Click to expand example of difference between global variables and local variables in benchmarking your `likelihood` method (I made up some inputs for simplicity).
julia> o = 1.2; a = 3.4; b = 0.25; h = 1.3; y2 = rand(1000); N = length(y2)
1000

julia> @timed likelihood(o, a, b, h, y2, N)
(value = 1464.433023543925, time = 1.6412e-5, bytes = 16, gctime = 0.0, gcstats = Base.GC_Diff(16, 0, 0, 1, 0, 0, 0, 0, 0))

julia> let
       o = 1.2; a = 3.4; b = 0.25; h = 1.3; y2 = rand(1000); N = length(y2)

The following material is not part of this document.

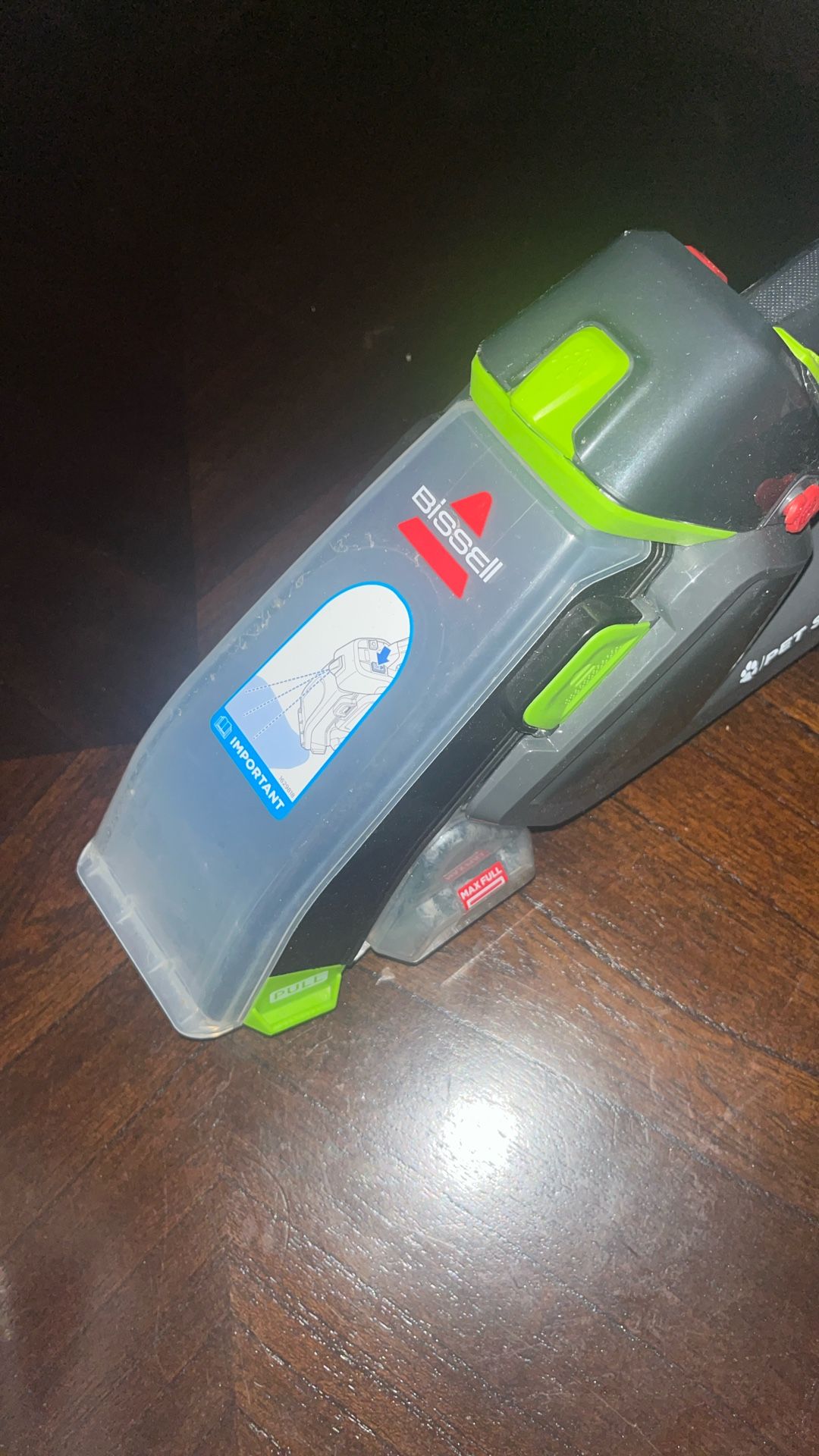 Bissell Carpet Spot Cleaner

       @timed likelihood(o, a, b, h, y2, N)
       end
(value = 1473.07078801908, time = 1.0601e-5, bytes = 0, gctime = 0.0, gcstats = Base.GC_Diff(0, 0, 0, 0, 0, 0, 0, 0, 0))
  • Consider using BenchmarkTools.jl to profile Julia instead of looping @timed, like how you use the microbenchmark package for R. There’s some reading to do, some mistakes to avoid, and the interpolation syntax will look odd at first, but the design and features definitely beats implementing your own benchmarking code.